Bonds Relishes No. 756
Wednesday, August 8, 2007; 10:59 PM
SAN FRANCISCO -- A king without his crown _ what a strange sight. A day after his most remarkable triumph yet, Barry Bonds had no cap. And he already was late for the team photo.
"I don't have a hat," the slugger said loudly, moments before rushing from the clubhouse to right field to take the picture. "I need a hat."
On cue, longtime Giants equipment manager Mike Murphy scurried across the grass to deliver the necessary item to No. 25.
With his 756th home run out of the way and the most hallowed record in sports now his own, Bonds could finally turn his attention to more than hitting homers.
Bonds was in the lineup Wednesday night, batting cleanup and playing left field against the Washington Nationals _ and he stepped in and hit another one during his first at-bat.
He received a warm standing ovation when he ran out to his spot in left for the first inning and tipped his hat and waved before blowing on his hands to get warm on another cool summer night in the Giants' ballpark by the bay when first-pitch temperature was 62 degrees.
Bonds smiled and nodded his head to some fans on his way to the on-deck circle in the first, then wasted no time adding to his record total.

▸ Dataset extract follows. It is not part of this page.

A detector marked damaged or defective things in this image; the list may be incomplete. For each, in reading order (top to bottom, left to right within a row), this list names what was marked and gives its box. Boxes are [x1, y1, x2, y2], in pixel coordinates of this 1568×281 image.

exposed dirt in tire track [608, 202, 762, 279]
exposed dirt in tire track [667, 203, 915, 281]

No. 757 was a two-run shot into McCovey Cove. In his first at-bat since becoming home run king, Bonds sent a 1-1 pitch from Tim Redding into the bay beyond the right-field fence, a 438-foot drive that was his 35th career splash hit and second this year.
Redding became the 447th pitcher to surrender a home run to Bonds after Mike Bacsik served up the record-breaker a night earlier. Bonds hit his 23rd homer of the season, then tipped his cap when he came out in the top of the second to play left field.
When Bonds broke Mark McGwire's single-season record with No. 71 in 2001, he homered again in his next at-bat to increase the record just like this time. The only difference was he had a night in between the at-bats.
From the White House, to international home run king Sadaharu Oh in Japan, to his first major league manager, Jim Leyland, and onto Alex Rodriguez, the congratulations began to pour in for the San Francisco star, who realized in recent weeks just how difficult it is to clear the fences when that's all you're trying to do.
"Now, the hard part's over, and we get to actually go back to our everyday routines and enjoy ourselves," Bonds said.